Später kommt auch noch Bigwig hinzu mit einem ganz besonderen Kaninchen: Silver. Ein junges Mitglied der Owsla, welcher ein Neffe des Threarah ist und besonders durch seine Fellfarbe hervorsticht. Bereits an früherer Stelle ging hervor, dass Kaninchen mit edler Abstammung bevorzugt werden. Im Falle von Silver hat sich das jedoch ins Gegenteil verkehrt. Auch er ist unzufrieden mit seiner Situation in der Owsla, denn er wird von den anderen drangsaliert, welche behaupten er hätte seine Stellung nur aufgrund seiner Abstammung bekommen. Hazel hat bezüglich Bigwig und auch Silver eine zwiespältige Meinung, zum einen ist er froh, denn Owsla-Mitglieder werden für die Gruppe bei Gefahren besonders hilfreich sein, zum anderen befürchtet er sie würden die Schwächeren wie Pipkin oder Fiver solange drangsalieren bis diese die Gruppe verlassen würden. Hazel will genau das um jeden Preis vermeiden. Das bringt ihn wieder in einen Zwiespalt, denn zum einen will er jedes Kaninchen vor der drohenden Gefahr schützen, zum anderen möchte er keine Kaninchen wie Toadflax in seiner Gruppe haben. Letzterer symbolisiert für ihn alles, was er an der Owsla und ihrem System nicht mag.

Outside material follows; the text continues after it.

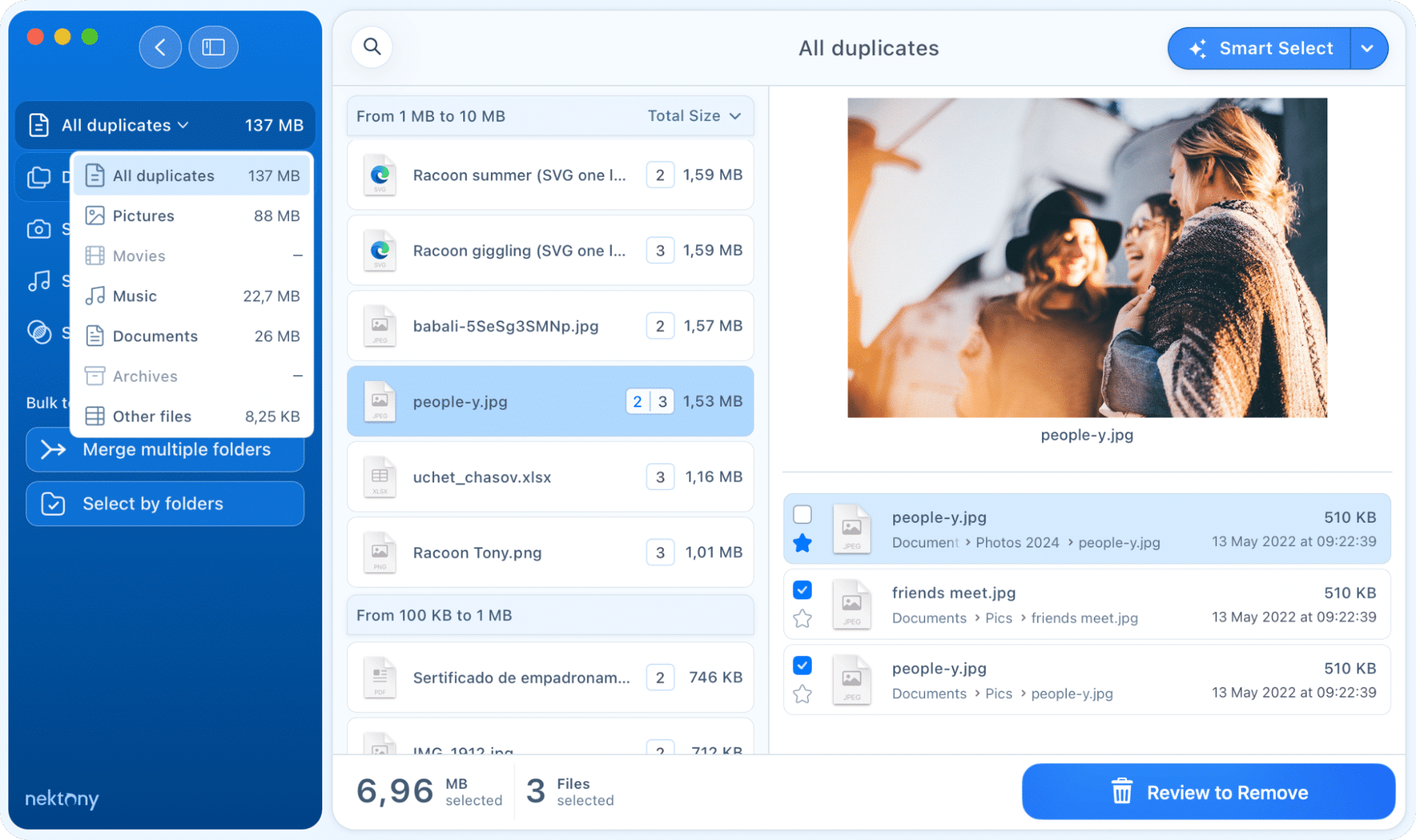 Duplicate File Finder showing scan results and drop-down menu of types of duplicates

Bigwig ist jedoch zufrieden mit seiner Wahl, auch wenn er gerne noch mehr gehabt hätte, doch diese sind mit ihrer jetzigen Position zufrieden. Er selbst kommt bei der kleinen Anzahl der Gruppe ins Zweifeln, ob der Exodus überhaupt eine gute Idee ist. Durchaus verständlich, denn immerhin setzen sich hier nur zehn Kaninchen den Gefahren aus, die in der freien Natur außerhalb ihres Geheges drohen.

Im nächsten Moment erreicht sie jedoch die Owsla unter der Führung von Captain Holly und zwei weiteren Kaninchen. Wir erleben das was Hazel vorhergesehen hat: Bigwig wird Ärger bekommen, weil er aus der Owsla desertiert ist sowie Silver, Hazel und die anderen jedoch nicht. Mit der Begründung Unruhe und Aufruhr zu stiften wird Bigwig unter Arrest gestellt, Silver weil er seine Pflichten als Mitglied der Owsla verletzt hat. Jedoch ist Bigwig nicht bereit sich zu fügen und greift Holly direkt an, ein Beweis seiner Impulsivität. Als die anderen beiden Mitglieder Holly helfen wollen, greifen Buckthorn und Dandelion in den Kampf ein und jagen diese beiden Kaninchen relativ schnell in die Flucht. Interessant, dass ihnen das gelingt, wo sie doch zwei Mitgliedern der Owsla gegenüberstanden. Das unterstreicht schön den Willen von Hazels Gruppe um jeden Preis aufzubrechen.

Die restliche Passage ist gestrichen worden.